As unemployment for college students continues to rise and the higher ed bubble nears its unavoidable burst, can anyone reasonably dispute this idea?

Andres Pinter of the Bangor Daily News reports.

Colleges should shoulder some risk of student loans

Recently, student loans have emerged as the most ubiquitous of consumer debts, and the unemployment rate among recent college graduates remains persistently high. All finger-pointing aside as to the underlying causes, these two economic birds could be killed by borrowing one stone from the world of syndicated lending, where interests are often properly aligned.

When a bank agrees to make a loan of a certain size, it often seeks to sell down some of that risk across a lending syndicate. Although the bank — known at this point as the underwriter or syndicator — could sell down the entire loan, at the end of the process it frequently retains a token piece as a sign of faith in the borrower’s credit.

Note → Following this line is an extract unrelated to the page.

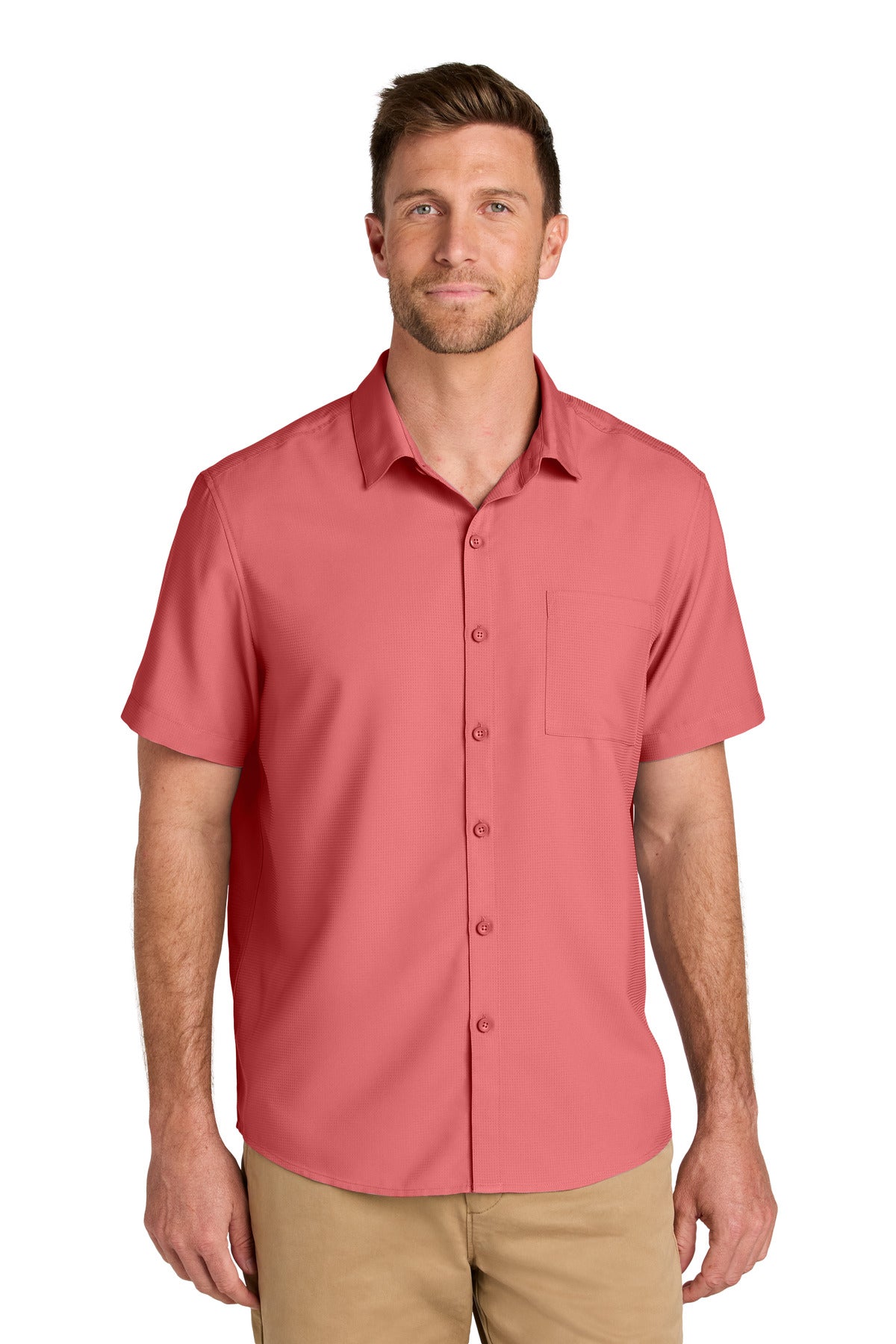 Port Authority Short Sleeve UV Dockside Shirt W963 - Coral Reef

The blessing of the underwriters makes the world of big lending spin fairly smoothly.

Consider, then, if colleges were to share with lending institutions and the government some of the credit risk of student borrowing. Much like the way syndicators hold a piece of a loan, colleges should hold pieces of their students’ loans. By doing so, the college would provide its explicit faith in the borrower’s credit and in the likelihood that the loan will eventually be repaid.

Here’s how it would work: A student at X University applies for a loan. Lending institutions perform the perfunctory underwriting with one exception: X University reviews copies of the credit application and must consent before the loan is approved. This system would differ from syndicated lending in that the university would never take full balance-sheet risk and would not itself originate or sell down loans. When the loan is funded, the university would pitch in 2 to 5 percent of the cash lent to the student, not only as a symbolic gesture, but also to give it skin in the game.